Work sucks! Well, it's not so bad, but it's mind-numbing and I need a pick me up. Where better to head for than my favourite city of Paris, the place which seemingly has everything and continually surprises you at every turn. This was a visit of two contrasting days, firstly with travelling with my parents and marching my aunt, Sandra, from Australia around the landmarks that pepper the Seine. I've lost count of the number of times I've wandered the route Montparnasse, Luxembourg, Latin Quarter, Montmartre, Louvre, Tuilieries, Concorde, Champs Elysees and finish standing beneath the Arc de Triomphe. Anyone who knows Paris, will realise that this is not a short walk, but I thoroughly enjoy it, knowing there are umpteen possible routes that can be taken.

For all it's galleries, museums and entertainment spectacles, Paris for me is about being outside and appreciating the carefully laid out city where so much echoes the grandiose, slightly bellicose charm that is unique to the French national identity and character. Paris at Christmas time offers the additional spectacle of the lights on Boulevard Haussman which I'd often heard about, but never seen in person. They were pretty, and by European standards spectacular, although they lack the outright dazzling gaudiness of the neon I saw so often in Asia.
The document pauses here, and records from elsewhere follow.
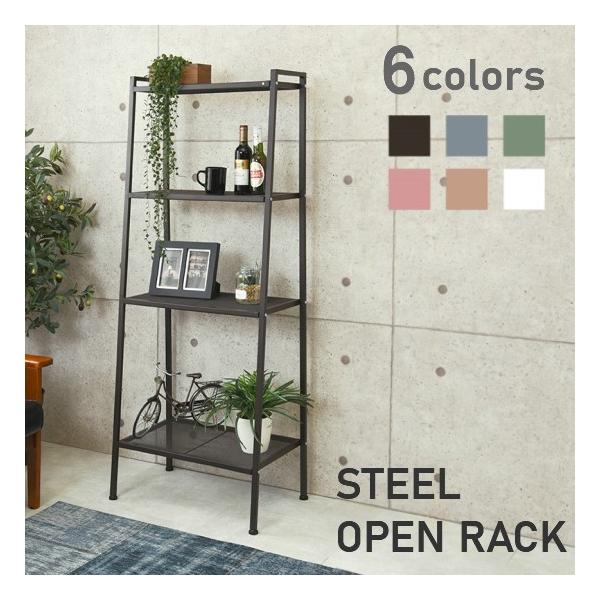 X`[ I[vbN 4i  59cm bN I[vVFt [ Lb` I bN _[bN C_XgA AJ  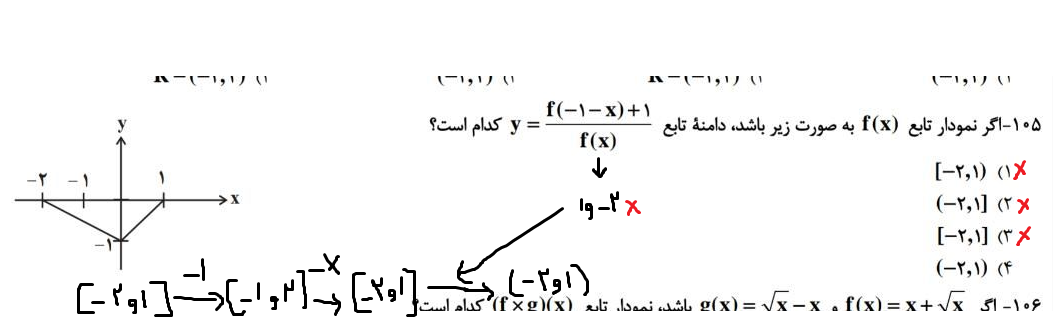 d408576c-a700-43b2-bb25-cd1359143bf6-image.png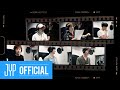 2PM - Hold You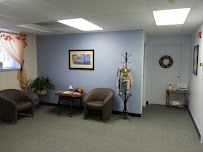 Complements for Health Massage Therapy - Photo 4 - Car repair in Nashua, NH, Nashua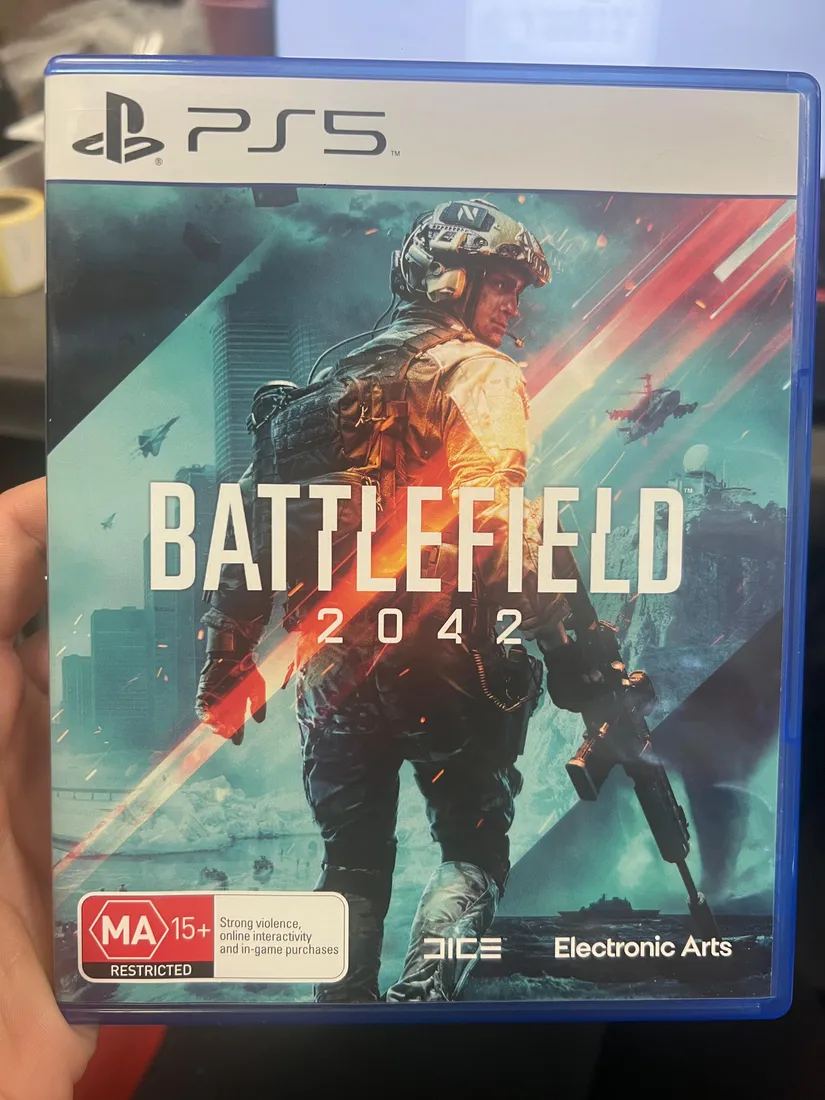 battlefield-2042-ps5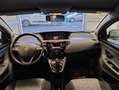Lancia Ypsilon 1.0 firefly hybrid Silver s Bianco - thumbnail 7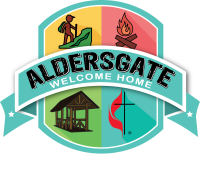 Aldersgate Camp and Retreat Center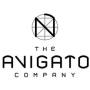 logotipo-the-navigator-company_imagelarge.jpg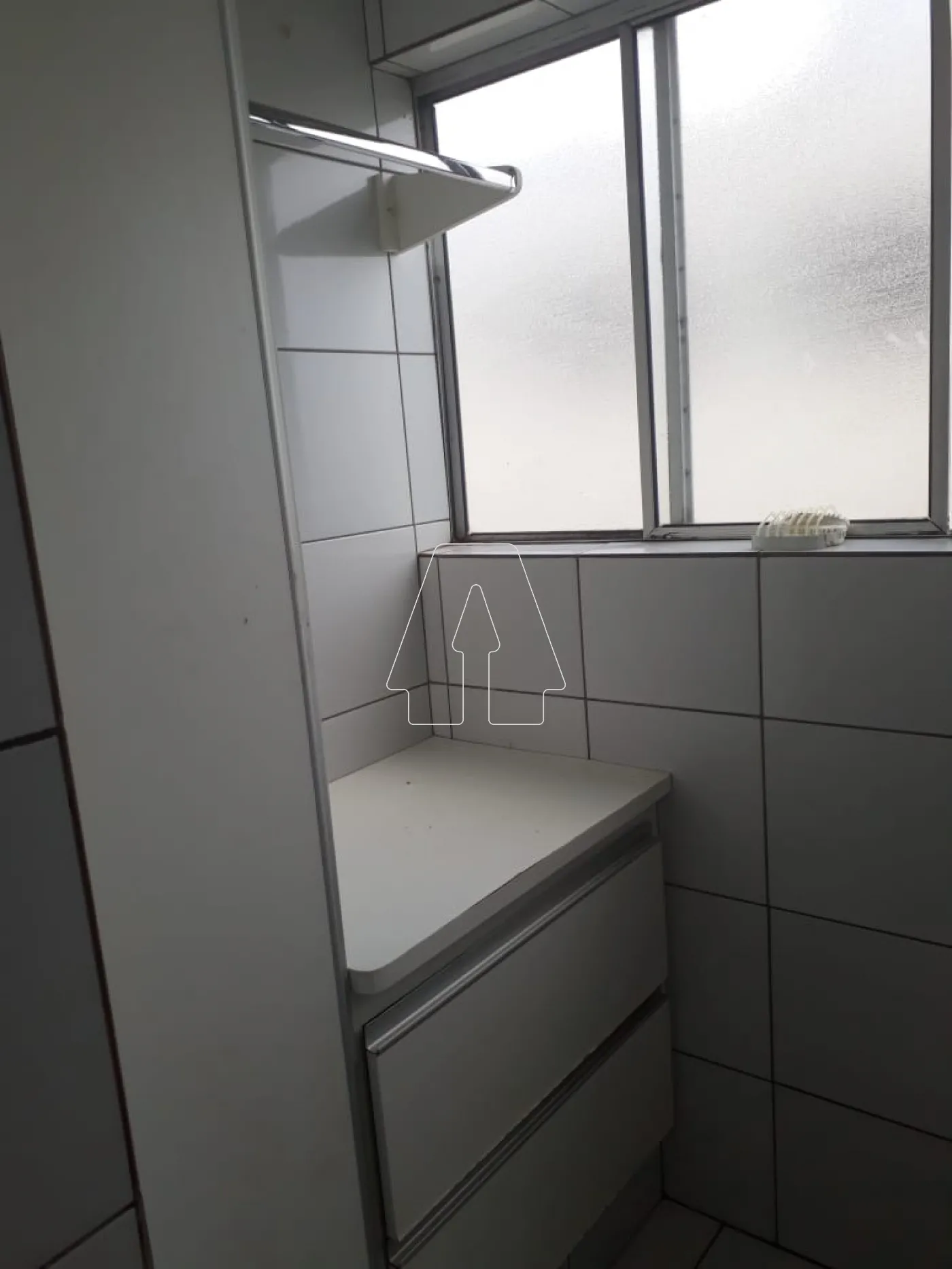 Alugar Apartamento / Padrão em Araçatuba R$ 1.200,00 - Foto 15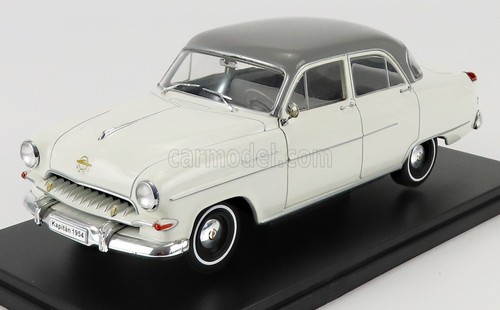 Modellauto statisch opel - statisch,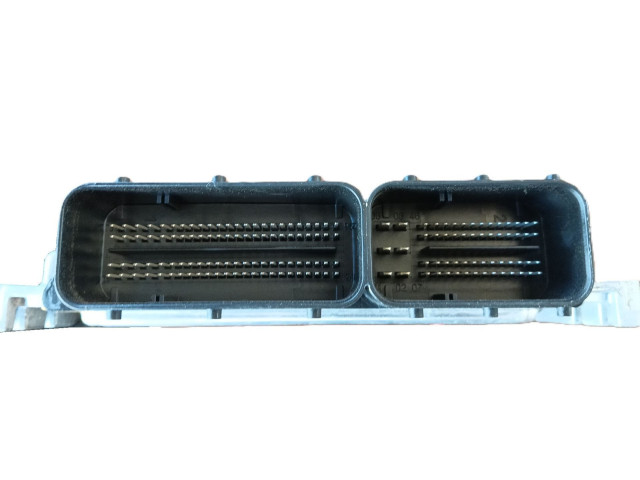 Блок управления двигателя 8891822276, P8891822276 Lynk & co 01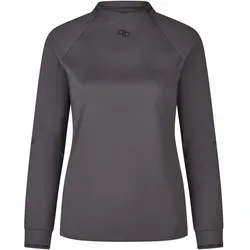Pikeur Funktionsshirt Damen langarm twilight Selection HW 2024, Größe: 40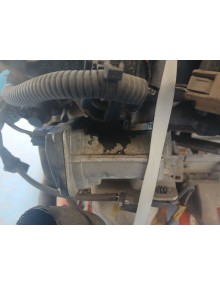 Recambio de valvula egr para renault scenic iii bose edition referencia OEM IAM 147100789R   2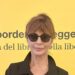 Laura Morante racconta la Centocelle anni ’60 tra difficoltà e illusioni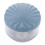 1 Knoblauchstampfer Pp Baby 5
By late afternoon, I headed off to see my friends in the West of Paris which is so calm and tranquil by comparison with the centre. The first task was to go with Geoff to find Pere Noel for Tom and Jane in the local Christmas market. I can imagine that if the kids want to see Pere Noel everyday, it must be a bit wearing for parents, but today it was just so cute to see the look on the kids faces as they sought out the big figure in red and white to touch his arm and whisper in his ear.

Meanwhile, my aunt and parents were missing their Eurostar back to the UK - the last of the day. I still don't know quite how this happened, but it appears to be a common occurrence amongst visitors to Paris as the Eurostar staff calmly switched them onto the morning train without a fuss or additional charge. I gather they spent an interesting night in a local hotel. And to think I missed it all!
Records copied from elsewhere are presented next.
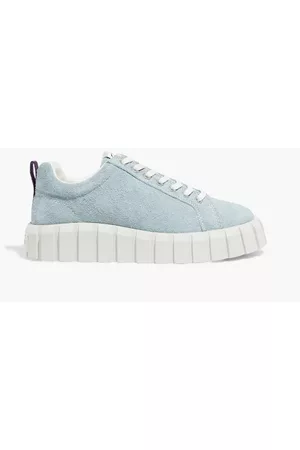 Eytys Shoes outlet - Women - 1800 products on sale | FASHIOLA.co.uk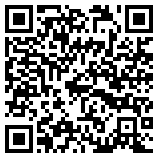 QR Code for Rozga Plumbing & Heating in Milwaukee, WI 53214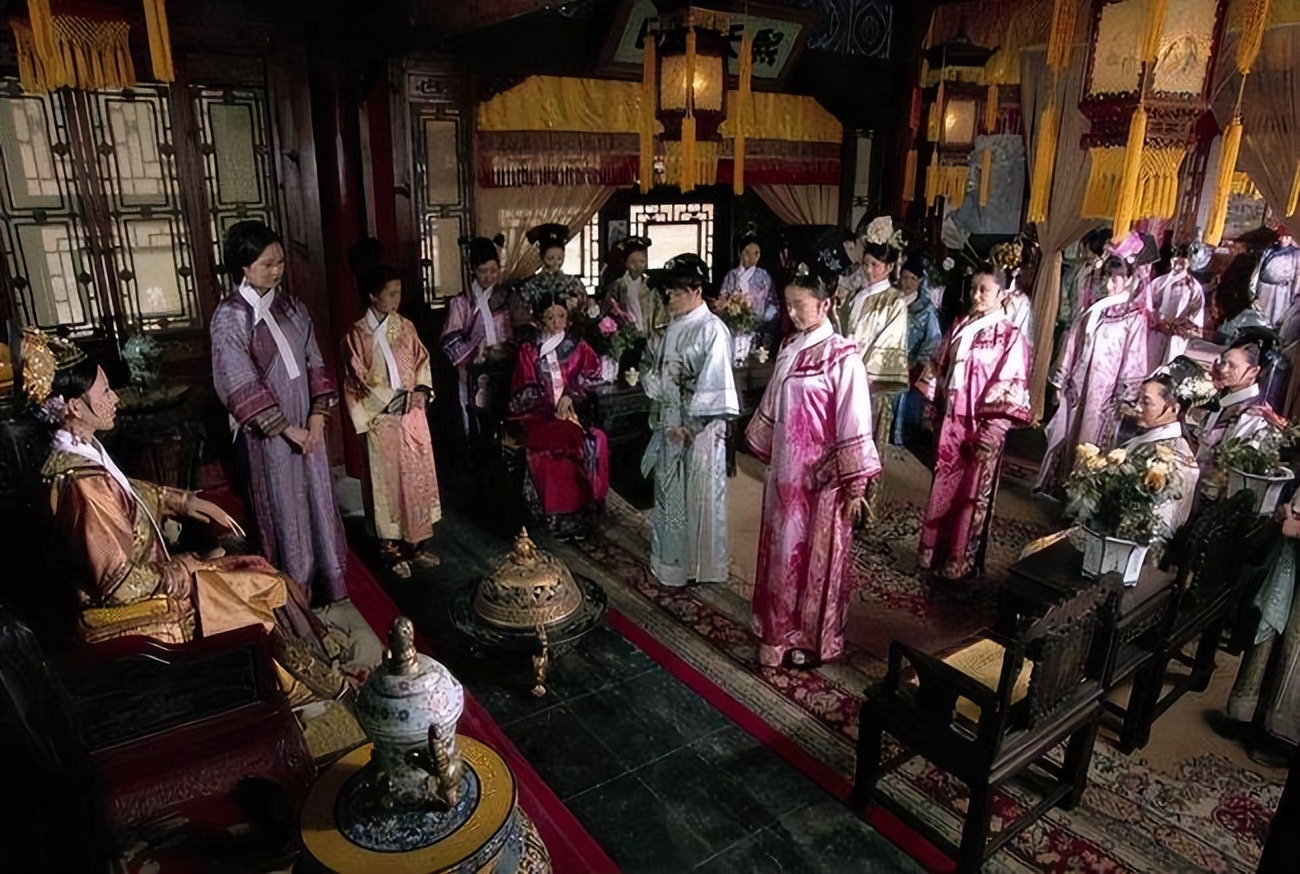 靠打官司挣钱的公司,靠起诉发家致富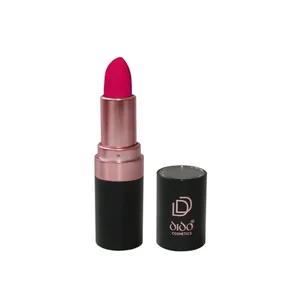 product Creamy Lipstick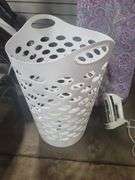 Laundry items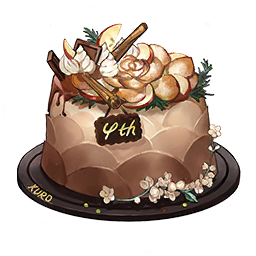 文件:玩家头像 缀色时光.png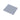 Alphacool Eisschicht Light thermal pad - 7W/mK 100x100x0,5mm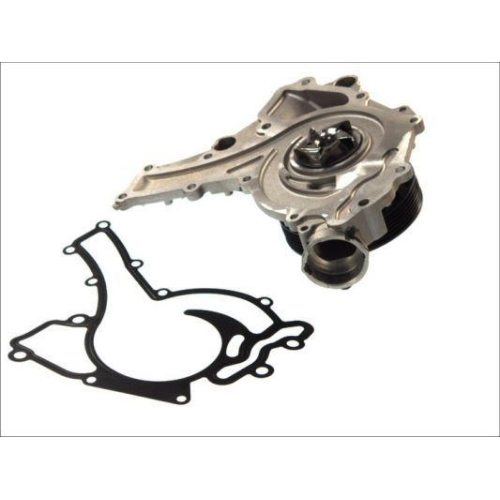THERMOTEC Wasserpumpe, Motork&uuml;hlung D1M050TT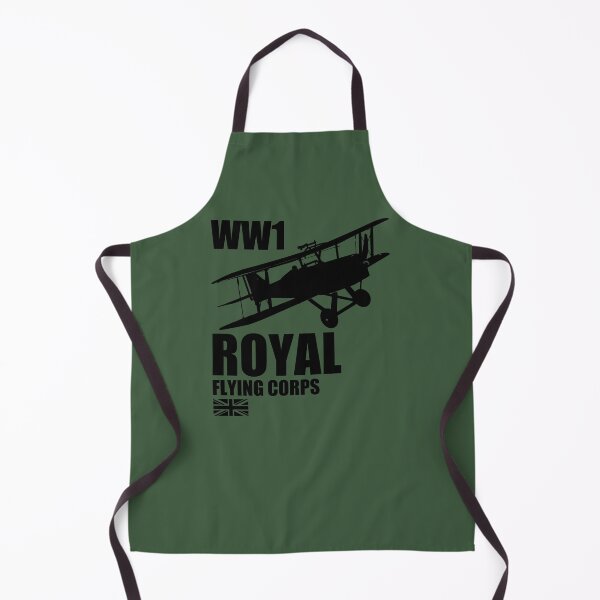 Item preview, WW1 Royal Flying Corps - S.E.5 designed and sold by StrongVlad.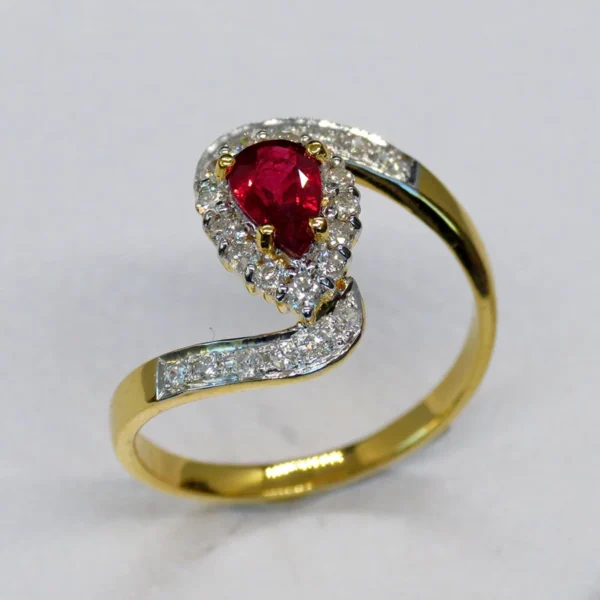 Ruby0.78.10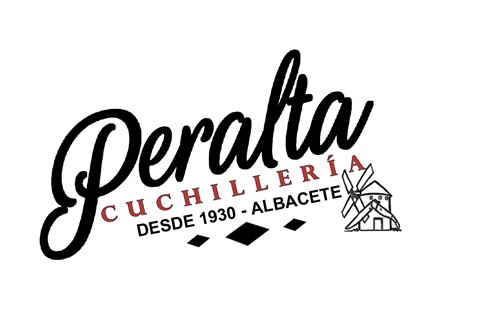 CUCHILLERIA PERALTA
I was quite happily relaxing with my friends, speaking hybrid English/French with their kids, and visiting the frost covered local parks which was an entertaining challenge to get my head around. I speak English and they reply in French. It's interesting too to see the difference in development between brother and sister. Everyone I know who has bilingual kids has done lots of research on how to develop multi-lingual children and other than patience, the conclusions seem to differ considerably. Is the truth that the psychologists and linguistics experts haven't quite figured out an answer to this one - if indeed there is such thing where language exists.